They are slower to respond on composting, despite this being the principle way to meet the 2012/13 Landfill Directive limit on biodegradables.
Policy in Wales as in England has resolved that food waste has to be separately collected and processed via in-vessel anaerobic digestion (WAG grants for this). Policy is also saying that source separation and kerbside collection is necessary to maximise recycling. Recyclate from mixed refuse that is sorted mechanically is often too contaminated and has low or zero market value [2, 8]. Councils like Cardiff who have invested in mechanical sorters don’t like this message - rather than maximising recycling they are keen on incineration (funded by long term PFI contracts).
Incinerators generate the maximum carbon dioxide. Incinerators convert to CO2 all the carbon in plastics, fabrics, paper as well organic material. If the wastes are sent to landfill, the organic material and paper convert in part to carbon-gases, but the carbon in plastics most in wood/chipboard wastes is sequestered long-term. Calculating the GHG benefit of incinerator energy and the methane emitted from landfills makes the overall greenhouse gas balance uncertain. The Eunomia study of mid-2006 [6] challenged 'conventional wisdom’ - that energy from incineration of residual wastes is bound to 'generate climate change benefits’. It showed that whether climate change impacts are positive or negative is dependent upon technologies and assumptions (Annex 1).
The Eunomia challenge has stood up to critical review. The conclusion is that - even if incineration technologies are affordable and their lorry waste-miles are limited, they can produce more greenhouse gases overall after taking into account any electricity generated. WAG officials argue that they want high efficiency heat-delivering CHP incinerators. Those in the UK are exceptional and not high efficiency, and have not been shown to be commercial - we argue they are too uncertain as a base for revising the Wales Waste Strategy.
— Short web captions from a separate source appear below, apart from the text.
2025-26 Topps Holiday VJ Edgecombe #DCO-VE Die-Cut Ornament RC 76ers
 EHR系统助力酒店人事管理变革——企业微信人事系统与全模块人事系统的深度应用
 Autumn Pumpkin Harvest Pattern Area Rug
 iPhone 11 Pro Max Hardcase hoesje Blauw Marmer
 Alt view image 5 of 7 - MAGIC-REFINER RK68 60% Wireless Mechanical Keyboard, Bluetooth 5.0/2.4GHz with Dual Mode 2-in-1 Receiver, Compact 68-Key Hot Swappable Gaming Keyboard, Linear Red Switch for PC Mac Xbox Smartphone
However, the Public Bodies have been persuaded (by the incineration lobby and interests within WAG) to exclude MBT technologies without considering the greenhouse gas argument. They have funding from WAG for appraising major regional incineration facilities, whereas WAG refuses to fund appraisal of lower CO2 alternatives (MBT technologies). The Regional Waste groups do make use of an Environment Agency assessment from WRATE, but we find that did not (or hardly) considered the bio-stabilisation potential of MBT (Annex C).
It’s true that if Regional Waste Plans include maximal recycling as officials argue (Annex D) and the Minister proposes, then the CO2 savings in the "recyclate” may outweigh that emitted in transport to Regional facilities and in incineration. But that does not justify ignoring the low CO2 options for residual waste treatment - ie. composting, biostabilisation and use on land - and reducing transport CO2 on the proximity principle.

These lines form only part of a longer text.